Co ciekawe, także komisarz z Włoch ds. gospodarki Paolo Gentiloni zabrał głos wyraźnie w kontrze do postawy swojej szefowej Ursuli von der Leyen: „Działania podejmowane na szczeblu krajowym mają istotny wpływ na inne państwa członkowskie, więc skoordynowane podejście na szczeblu europejskim jest ważniejsze niż kiedykolwiek”. Wreszcie przywołajmy jeszcze głos Paryża, a dokładnie ministra finansów Bruno Le Maire: „Konieczne jest zachowanie równych szans między państwami członkowskimi strefy euro i ogólnie między państwami członkowskimi. Jeśli nie ma konsultacji, jeśli nie ma solidarności, jeśli nie ma ukierunkowanego wsparcia dla biznesu, jeśli nie ma szacunku dla zasady równych szans, ryzykujemy rozdrobnienie strefy euro”.
Ten Olaf Scholz…
Postawa rządu niemieckiego, a dokładnie jej szefa kanclerza Olafa Scholza skłoniła część komentatorów do szerszej refleksji. Niedawno ten polityk był mocno krytykowany za wstrzemięźliwą postawę wobec wojny w Ukrainie i pomocy dla tego dzielnie walczącego narodu. Symbolem – delikatnie mówiąc – niezrozumienia powagi sytuacji była dostawa 5 tysięcy hełmów, a dopiero po ostrej fali krytyki „poważniejszej” broni. Potem jednak znowu pojawiła się irytacja zachowawczą postawą kanclerza, gdy zaczął blokować dostawy czołgów dla armii ukraińskiej. Dalej nie wydał tej
zgody mimo apeli nie tylko z wielu stolic świata, ale też od polityków opozycyjnej dzisiaj w Niemczech chadecji.
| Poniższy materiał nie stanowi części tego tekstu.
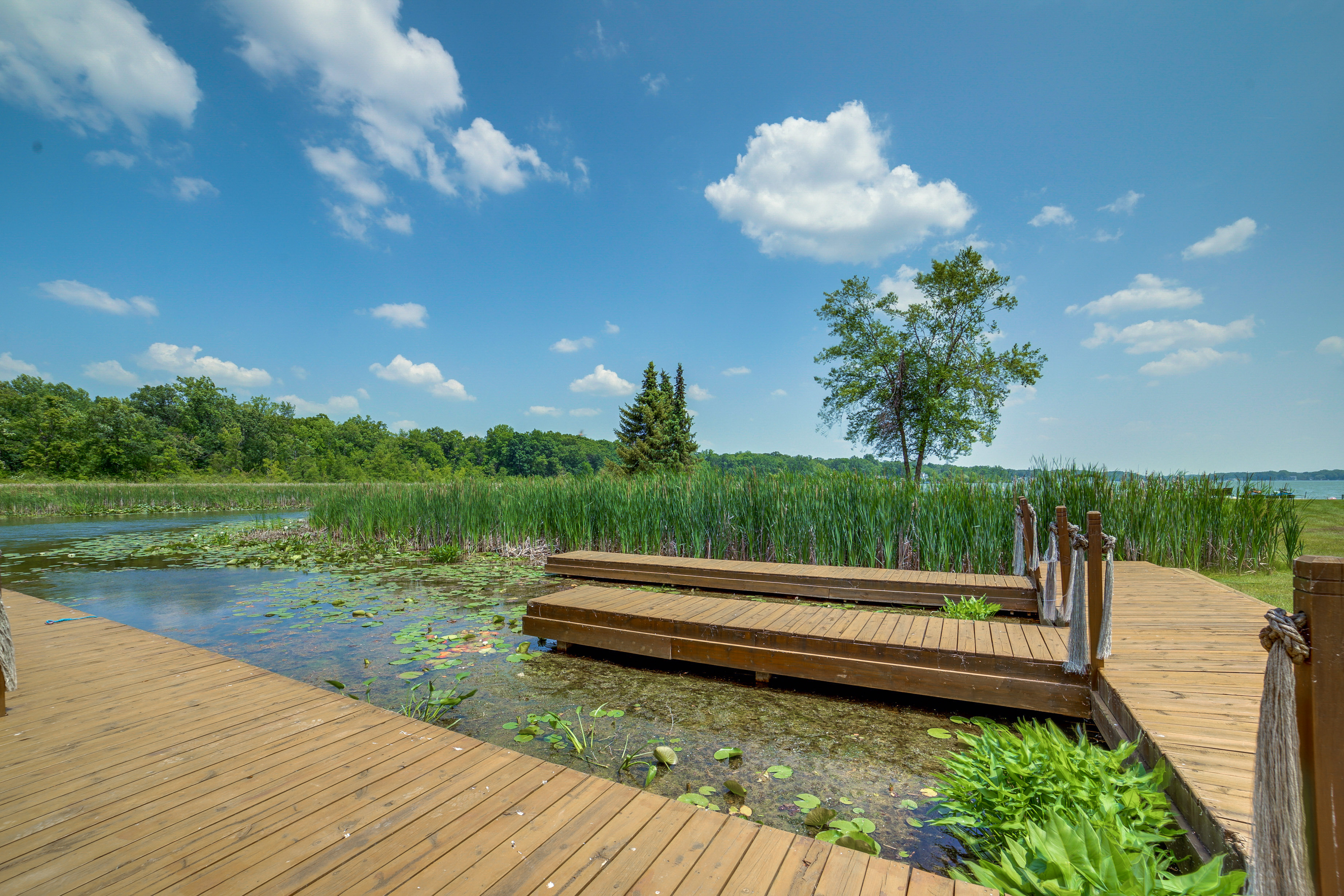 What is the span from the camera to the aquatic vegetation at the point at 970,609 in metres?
4.66

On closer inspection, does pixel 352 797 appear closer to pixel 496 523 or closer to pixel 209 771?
A: pixel 209 771

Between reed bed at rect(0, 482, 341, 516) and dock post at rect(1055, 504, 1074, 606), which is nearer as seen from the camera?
dock post at rect(1055, 504, 1074, 606)

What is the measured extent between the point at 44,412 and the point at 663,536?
2280 inches

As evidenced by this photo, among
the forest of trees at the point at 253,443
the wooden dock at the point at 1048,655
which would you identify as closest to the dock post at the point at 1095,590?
the wooden dock at the point at 1048,655

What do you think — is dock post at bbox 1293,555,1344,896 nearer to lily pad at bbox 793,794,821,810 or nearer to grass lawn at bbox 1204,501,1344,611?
lily pad at bbox 793,794,821,810

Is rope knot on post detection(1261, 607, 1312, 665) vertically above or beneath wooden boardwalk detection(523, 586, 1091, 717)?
above

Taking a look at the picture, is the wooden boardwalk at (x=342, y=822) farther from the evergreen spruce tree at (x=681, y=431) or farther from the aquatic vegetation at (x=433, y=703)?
the evergreen spruce tree at (x=681, y=431)

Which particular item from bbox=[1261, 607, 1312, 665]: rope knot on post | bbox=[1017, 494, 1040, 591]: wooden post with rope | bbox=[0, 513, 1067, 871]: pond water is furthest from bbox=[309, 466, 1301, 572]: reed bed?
bbox=[1261, 607, 1312, 665]: rope knot on post

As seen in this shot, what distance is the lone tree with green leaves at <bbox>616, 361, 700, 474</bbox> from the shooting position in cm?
3722

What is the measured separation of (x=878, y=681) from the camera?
3.43 m

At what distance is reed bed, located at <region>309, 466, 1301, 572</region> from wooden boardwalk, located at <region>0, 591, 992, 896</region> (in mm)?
5868

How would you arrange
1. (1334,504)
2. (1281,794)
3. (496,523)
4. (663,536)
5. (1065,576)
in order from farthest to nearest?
(1334,504), (496,523), (663,536), (1065,576), (1281,794)

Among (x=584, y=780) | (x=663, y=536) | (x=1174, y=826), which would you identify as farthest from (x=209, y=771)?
(x=663, y=536)

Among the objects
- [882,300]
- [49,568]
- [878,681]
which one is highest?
[882,300] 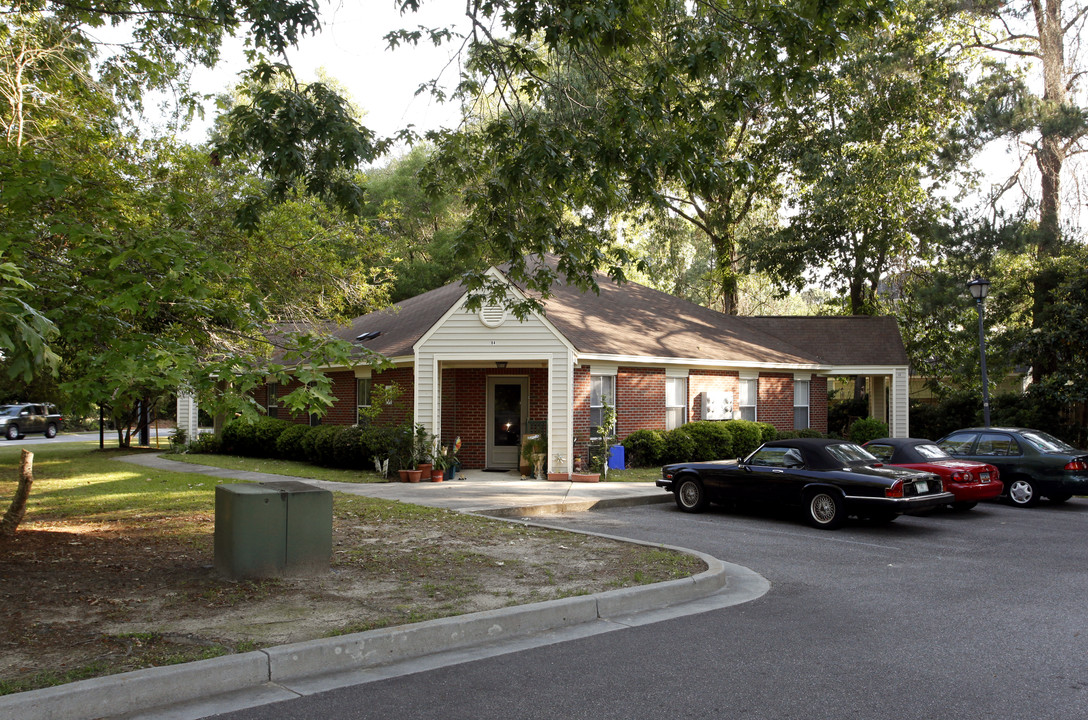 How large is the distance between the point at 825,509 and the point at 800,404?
13.6 m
Gdy teraz pojawiła się odmowa wprowadzenia limitu na cenę gazu na poziomie UE przy jednoczesnym subsydiowaniu własnej gospodarki, można było przeczytać w europejskiej prasie, że kanclerz Olaf Scholz nie pojął jeszcze, co to znaczy przewodzić największemu państwu UE. A znaczy tyle, że musi on brać pod uwagę europejski wymiar decyzji podejmowanych przez Niemcy we własnym kraju. Wielu unijnych dyplomatów uważa, że kanclerz Niemiec musi szybko nauczyć się działać jako Europejczyk.
Presja pomaga
Fala krytyki przyniosła pewne efekty. Podczas sesji plenarnej Parlamentu Europejskiego w Strasburgu 5 października odbyła się debata o wojnie w Ukrainie i wielu skutkach ubocznych tej tragedii. Pojawiła się Ursula von der Leyen i próbowała wykazać, że wszelkie podejrzenia o jej współdziałanie z władzami w Berlinie są bezpodstawne. W swoim wystąpieniu opowiedziała się za limitem ceny gazu, choć nie w tak „czystej formie”, jak to proponowały rządy 15-tki. „Nasz rynek energii elektrycznej jest zbudowany w taki sposób, że wysokie ceny gazu napędzają ceny energii elektrycznej. Musimy teraz ograniczyć ten inflacyjny wpływ gazu na energię elektryczną wszędzie w Europie. Dlatego jesteśmy gotowi do dyskusji o ograniczeniu ceny gazu wykorzystywanego do produkcji energii elektrycznej (podkreślenie M.Z.). Limit ten byłby również pierwszym krokiem na drodze do reformy strukturalnej i ogólnej reformy naszego rynku energii elektrycznej”.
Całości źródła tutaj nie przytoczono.